Battery Testing Makes iPhone XS Max One of New Generation Champions

Battery Testing Makes iPhone XS Max One of New Generation Champions

Oh batteries. The bottleneck of the development of contemporary mobile technologies. The reason for our distress away from taking or powerbanks. The most volatile components inside a smartphone or tablet are sometimes too much.

With each generation, manufacturers promise worlds and backgrounds in the area, whether with larger cells or processor and system optimizations that are supposed to make our beloved smartphones survive longer out of the socket. But who is getting along better in this story? To answer that question, we can use the battery-tested videos on YouTube and today we bring two of them with good examples of the new generation of mobile devices including the iPhone XS Max.


The first test, from PhoneBuff, generated a polemic on account of a factor that may have been decisive in its further result on it below. Still, it is worth commenting for the simple reason that he is the first of the famous channel to bring a new methodology to his drum tests: the operations were not performed by human hands, but by a robot, which ensured maximum precision in the time and actions of each task.

The channel test put face to face only the iPhone XS Max (3,174mAh) against the Samsung Galaxy Note9 (4,000mAh) both set to display the same luminance on the screen, sound at a similar level across the speakers and with all apps previously closed. The result? The device South Korean won from washed and retained 37% capacity when the iPhone died, it held out for nearly an additional 3 hours in the test cycle. The tests were repeated 2x, with similar results.

However, it is necessary to cite such a controversy that can put the results under suspicion: as the presenter himself stated on the video, the Galaxy Note9 made the tests with its standard resolution of 2220 × 1080 pixels the device screen actually has 2960 × 1440 pixels and the maximum resolution can be activated in the settings, as a result of the battery lasting a little less.

In that case, the discussion goes: it is valid to test with the device at its default resolution, that most users will never even change, or it would be more honest to change the setting to its maximum resolution that Samsung even likes to advertise on. your marketing material?
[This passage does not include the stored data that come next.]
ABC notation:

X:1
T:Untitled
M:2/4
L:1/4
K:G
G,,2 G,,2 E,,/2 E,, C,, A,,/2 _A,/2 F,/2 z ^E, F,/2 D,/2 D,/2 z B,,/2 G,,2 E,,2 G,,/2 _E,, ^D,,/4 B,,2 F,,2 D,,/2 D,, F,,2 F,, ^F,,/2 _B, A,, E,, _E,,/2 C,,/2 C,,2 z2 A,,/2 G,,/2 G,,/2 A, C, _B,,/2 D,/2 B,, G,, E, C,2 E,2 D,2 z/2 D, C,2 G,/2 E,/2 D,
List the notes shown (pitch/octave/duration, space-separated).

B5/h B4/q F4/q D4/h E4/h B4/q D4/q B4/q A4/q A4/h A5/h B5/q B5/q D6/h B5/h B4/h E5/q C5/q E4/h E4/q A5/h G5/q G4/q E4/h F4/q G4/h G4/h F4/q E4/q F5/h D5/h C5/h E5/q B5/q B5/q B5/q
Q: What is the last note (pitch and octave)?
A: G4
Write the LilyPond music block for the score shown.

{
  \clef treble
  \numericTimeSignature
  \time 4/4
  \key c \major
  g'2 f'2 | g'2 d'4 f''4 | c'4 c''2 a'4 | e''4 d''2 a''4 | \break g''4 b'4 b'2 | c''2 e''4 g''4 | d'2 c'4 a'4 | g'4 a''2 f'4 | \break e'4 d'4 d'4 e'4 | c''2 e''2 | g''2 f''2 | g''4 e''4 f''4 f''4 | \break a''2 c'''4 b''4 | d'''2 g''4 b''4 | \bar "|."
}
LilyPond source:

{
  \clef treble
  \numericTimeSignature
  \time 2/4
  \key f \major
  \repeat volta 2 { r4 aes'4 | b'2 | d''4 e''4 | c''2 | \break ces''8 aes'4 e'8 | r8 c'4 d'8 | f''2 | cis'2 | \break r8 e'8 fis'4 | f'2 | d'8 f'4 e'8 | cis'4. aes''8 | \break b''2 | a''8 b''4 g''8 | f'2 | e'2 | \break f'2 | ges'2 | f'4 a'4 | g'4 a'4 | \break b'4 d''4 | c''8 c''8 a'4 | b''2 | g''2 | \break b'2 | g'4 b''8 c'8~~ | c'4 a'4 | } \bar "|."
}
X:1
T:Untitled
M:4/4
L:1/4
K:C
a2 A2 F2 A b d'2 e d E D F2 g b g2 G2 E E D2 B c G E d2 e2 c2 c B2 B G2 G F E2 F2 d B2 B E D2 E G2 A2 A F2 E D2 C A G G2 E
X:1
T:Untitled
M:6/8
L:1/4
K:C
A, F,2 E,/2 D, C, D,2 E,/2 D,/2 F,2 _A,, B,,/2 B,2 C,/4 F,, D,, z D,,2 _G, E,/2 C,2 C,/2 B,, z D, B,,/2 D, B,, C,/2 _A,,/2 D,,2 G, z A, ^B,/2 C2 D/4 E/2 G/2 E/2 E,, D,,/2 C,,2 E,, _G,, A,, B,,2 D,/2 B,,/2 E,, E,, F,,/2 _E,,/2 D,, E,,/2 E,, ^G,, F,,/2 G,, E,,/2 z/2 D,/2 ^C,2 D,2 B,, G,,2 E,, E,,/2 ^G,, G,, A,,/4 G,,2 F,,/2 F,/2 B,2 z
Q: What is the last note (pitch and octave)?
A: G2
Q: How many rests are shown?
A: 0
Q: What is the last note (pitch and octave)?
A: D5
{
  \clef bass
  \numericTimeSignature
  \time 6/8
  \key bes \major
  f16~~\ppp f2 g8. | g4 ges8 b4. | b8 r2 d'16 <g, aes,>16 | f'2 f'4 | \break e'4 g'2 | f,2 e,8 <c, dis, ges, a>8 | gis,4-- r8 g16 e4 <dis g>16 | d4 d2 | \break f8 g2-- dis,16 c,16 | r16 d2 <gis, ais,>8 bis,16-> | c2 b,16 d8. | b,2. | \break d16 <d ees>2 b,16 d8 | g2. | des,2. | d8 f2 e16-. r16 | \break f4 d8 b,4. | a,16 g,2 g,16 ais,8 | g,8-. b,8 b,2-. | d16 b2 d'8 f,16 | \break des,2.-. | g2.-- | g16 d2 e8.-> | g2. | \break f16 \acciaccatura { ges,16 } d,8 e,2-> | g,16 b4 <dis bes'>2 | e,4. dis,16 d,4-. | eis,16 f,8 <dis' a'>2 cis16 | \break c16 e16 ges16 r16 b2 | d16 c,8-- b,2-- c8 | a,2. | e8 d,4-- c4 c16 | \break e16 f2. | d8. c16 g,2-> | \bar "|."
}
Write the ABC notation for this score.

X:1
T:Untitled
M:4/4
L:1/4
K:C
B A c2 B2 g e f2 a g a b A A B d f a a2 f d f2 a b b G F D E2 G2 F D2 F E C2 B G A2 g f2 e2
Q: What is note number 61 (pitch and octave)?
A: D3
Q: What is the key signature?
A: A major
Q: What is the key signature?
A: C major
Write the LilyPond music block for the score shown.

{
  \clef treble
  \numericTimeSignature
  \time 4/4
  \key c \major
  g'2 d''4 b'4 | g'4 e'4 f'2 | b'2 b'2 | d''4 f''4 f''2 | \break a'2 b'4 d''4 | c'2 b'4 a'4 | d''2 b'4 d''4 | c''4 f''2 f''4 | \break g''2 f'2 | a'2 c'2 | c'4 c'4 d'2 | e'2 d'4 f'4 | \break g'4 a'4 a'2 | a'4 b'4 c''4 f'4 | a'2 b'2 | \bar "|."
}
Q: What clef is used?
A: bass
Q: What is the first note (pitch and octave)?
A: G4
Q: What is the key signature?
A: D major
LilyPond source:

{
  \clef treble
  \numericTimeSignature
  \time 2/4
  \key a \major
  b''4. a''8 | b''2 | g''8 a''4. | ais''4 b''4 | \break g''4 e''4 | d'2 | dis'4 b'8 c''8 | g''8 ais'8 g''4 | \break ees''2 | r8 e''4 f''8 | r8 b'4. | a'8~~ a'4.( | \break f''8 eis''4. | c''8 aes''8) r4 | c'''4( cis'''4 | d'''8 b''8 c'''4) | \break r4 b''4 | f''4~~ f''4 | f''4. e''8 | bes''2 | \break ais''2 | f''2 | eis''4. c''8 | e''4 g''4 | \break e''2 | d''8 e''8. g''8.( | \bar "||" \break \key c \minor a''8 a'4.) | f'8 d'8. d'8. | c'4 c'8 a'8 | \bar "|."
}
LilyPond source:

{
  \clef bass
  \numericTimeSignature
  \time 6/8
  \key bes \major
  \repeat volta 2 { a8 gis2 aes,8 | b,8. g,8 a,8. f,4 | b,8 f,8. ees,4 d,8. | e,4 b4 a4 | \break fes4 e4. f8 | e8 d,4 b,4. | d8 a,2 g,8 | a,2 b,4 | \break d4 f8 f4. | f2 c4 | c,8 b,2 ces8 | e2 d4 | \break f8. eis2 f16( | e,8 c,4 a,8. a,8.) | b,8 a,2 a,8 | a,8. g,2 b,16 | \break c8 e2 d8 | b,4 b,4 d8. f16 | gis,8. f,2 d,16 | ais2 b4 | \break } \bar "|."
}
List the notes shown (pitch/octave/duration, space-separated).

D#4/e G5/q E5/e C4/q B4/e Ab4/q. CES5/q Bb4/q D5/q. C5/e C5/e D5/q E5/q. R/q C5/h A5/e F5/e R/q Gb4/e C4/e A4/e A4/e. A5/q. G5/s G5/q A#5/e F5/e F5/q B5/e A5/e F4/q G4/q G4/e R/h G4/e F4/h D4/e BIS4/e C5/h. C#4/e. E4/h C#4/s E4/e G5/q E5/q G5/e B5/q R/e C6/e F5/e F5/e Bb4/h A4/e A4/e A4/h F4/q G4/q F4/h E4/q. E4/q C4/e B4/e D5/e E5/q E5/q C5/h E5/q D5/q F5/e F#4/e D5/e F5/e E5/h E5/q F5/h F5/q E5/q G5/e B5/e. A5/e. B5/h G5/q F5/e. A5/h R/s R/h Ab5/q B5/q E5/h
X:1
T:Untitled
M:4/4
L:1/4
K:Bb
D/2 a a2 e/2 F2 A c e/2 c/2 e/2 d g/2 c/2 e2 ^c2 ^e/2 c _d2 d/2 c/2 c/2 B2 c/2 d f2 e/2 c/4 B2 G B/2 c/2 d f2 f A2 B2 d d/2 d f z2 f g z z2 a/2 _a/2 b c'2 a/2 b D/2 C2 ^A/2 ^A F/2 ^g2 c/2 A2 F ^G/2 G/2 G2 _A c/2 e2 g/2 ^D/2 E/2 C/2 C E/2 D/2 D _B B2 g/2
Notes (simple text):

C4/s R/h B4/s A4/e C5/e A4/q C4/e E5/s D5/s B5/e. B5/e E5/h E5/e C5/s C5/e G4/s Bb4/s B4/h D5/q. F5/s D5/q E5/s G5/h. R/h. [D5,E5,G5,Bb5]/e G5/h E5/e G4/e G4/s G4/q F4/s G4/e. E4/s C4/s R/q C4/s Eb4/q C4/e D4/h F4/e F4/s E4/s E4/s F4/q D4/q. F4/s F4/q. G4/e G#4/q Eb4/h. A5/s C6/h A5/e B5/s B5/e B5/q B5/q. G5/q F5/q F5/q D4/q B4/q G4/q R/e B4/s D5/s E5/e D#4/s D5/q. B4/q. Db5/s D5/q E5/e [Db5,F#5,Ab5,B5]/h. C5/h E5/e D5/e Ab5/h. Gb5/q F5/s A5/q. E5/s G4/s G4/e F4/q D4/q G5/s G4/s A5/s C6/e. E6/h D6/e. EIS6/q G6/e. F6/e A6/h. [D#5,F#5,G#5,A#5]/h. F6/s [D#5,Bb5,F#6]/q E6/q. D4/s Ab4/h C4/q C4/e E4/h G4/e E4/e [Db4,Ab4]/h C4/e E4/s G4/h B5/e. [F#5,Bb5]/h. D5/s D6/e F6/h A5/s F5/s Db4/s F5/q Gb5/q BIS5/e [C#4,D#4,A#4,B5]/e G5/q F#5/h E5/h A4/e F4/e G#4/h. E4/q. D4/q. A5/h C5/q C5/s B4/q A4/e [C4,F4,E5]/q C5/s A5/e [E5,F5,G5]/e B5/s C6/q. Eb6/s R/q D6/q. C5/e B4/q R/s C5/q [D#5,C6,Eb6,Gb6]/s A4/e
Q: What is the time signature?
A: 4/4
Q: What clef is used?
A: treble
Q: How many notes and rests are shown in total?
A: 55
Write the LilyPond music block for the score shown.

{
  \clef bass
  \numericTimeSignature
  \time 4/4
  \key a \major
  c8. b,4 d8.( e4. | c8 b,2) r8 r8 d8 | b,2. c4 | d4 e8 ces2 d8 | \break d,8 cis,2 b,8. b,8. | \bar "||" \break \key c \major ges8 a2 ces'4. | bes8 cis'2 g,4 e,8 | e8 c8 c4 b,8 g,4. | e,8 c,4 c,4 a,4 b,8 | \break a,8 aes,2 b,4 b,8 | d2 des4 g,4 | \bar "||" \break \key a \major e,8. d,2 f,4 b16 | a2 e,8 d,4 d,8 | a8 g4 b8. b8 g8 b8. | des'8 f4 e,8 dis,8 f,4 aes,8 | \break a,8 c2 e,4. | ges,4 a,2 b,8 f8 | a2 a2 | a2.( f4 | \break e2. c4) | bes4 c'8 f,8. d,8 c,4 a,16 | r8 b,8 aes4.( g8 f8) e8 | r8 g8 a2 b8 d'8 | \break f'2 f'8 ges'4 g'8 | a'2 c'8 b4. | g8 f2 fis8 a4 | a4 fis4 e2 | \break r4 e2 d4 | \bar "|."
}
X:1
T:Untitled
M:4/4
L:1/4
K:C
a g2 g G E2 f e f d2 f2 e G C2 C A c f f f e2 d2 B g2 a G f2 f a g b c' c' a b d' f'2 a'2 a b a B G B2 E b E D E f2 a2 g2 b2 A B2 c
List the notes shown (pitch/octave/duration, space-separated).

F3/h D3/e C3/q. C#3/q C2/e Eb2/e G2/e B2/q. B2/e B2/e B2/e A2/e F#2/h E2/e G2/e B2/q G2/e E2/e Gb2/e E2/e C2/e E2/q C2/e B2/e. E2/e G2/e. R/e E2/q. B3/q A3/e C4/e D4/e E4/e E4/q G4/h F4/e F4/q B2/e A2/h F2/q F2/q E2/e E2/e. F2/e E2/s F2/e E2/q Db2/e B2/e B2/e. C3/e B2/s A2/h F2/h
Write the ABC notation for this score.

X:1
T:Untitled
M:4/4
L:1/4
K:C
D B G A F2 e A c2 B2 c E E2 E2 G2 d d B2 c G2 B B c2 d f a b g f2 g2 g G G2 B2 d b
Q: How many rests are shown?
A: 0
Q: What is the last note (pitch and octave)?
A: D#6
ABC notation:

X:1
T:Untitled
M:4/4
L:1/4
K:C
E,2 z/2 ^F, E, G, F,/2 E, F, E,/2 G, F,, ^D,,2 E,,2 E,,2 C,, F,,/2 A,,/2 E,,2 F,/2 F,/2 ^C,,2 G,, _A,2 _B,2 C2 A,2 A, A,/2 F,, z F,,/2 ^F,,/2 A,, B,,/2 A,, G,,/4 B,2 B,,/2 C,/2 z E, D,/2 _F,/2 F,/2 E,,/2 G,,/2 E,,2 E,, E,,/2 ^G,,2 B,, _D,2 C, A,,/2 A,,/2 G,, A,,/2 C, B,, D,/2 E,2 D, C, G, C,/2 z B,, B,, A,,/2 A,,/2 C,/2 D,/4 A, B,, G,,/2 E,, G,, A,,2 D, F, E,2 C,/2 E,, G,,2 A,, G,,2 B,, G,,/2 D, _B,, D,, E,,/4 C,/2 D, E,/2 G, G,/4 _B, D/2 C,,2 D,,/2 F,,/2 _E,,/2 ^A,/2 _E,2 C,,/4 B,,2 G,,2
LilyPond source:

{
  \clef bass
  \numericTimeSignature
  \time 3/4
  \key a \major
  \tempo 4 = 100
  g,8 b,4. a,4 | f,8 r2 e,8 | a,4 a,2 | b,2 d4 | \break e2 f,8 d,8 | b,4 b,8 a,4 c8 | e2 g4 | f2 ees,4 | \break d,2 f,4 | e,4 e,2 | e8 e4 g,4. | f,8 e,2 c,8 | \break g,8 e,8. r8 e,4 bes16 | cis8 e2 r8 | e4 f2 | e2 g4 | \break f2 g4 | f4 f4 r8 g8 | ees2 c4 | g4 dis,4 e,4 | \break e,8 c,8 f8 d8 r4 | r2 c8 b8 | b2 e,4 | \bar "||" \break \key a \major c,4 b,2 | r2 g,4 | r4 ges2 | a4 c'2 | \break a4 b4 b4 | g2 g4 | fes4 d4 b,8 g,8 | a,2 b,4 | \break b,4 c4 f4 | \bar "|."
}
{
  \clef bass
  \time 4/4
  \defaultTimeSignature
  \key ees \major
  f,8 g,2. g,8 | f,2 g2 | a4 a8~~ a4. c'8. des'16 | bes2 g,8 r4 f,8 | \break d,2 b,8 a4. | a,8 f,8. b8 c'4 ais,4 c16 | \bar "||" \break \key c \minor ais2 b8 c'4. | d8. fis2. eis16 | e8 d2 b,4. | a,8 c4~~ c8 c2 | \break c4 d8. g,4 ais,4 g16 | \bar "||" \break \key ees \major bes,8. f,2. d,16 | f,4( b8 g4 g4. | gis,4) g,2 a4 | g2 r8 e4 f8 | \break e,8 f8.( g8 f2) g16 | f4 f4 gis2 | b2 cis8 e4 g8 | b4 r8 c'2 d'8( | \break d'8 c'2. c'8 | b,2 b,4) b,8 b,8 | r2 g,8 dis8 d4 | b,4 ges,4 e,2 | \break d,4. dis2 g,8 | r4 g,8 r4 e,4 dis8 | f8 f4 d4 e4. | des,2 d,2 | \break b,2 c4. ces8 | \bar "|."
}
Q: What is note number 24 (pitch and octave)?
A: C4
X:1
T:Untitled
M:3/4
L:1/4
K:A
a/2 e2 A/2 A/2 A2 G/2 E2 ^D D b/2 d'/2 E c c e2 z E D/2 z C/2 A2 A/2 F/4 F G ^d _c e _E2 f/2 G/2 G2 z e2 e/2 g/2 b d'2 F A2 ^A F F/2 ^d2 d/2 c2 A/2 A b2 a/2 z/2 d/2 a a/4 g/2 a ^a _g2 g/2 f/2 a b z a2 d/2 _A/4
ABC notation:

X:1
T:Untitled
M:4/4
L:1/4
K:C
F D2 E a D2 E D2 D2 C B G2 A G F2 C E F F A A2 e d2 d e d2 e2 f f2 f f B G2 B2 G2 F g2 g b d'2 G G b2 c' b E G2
Both sides have valid arguments, but to cover all scenarios, let's go to the next test.


The channel Mrwhostheboss brought together the two devices previously mentioned to Google Pixel 3 XL (3,430mAh) and at Sony Xperia XZ3 (3,300mAh) in another such test, without the aid of robots, but with Galaxy Note9 operating at its maximum resolution. Again, the same methodology: timed activation and use of different apps and games, with screens and speakers on the same level and no background apps.

In this test, things were different. Sony was the first to die after about 4 hours; Google's device lasted 5:20 and the two Apple and Samsung archrivals remained in the final battle with a iPhone XS Max win by a slight margin he stood by 6:16 in the test, about 12 minutes longer than the Galaxy Note9.

One way or another, it is important to know that next-generation handsets (especially the Apple and Samsung creations, which are inevitably the most popular) are basically matched in terms of battery technology and the like; So whichever way you go, you certainly won't find great sources of dissatisfaction in that area. Right?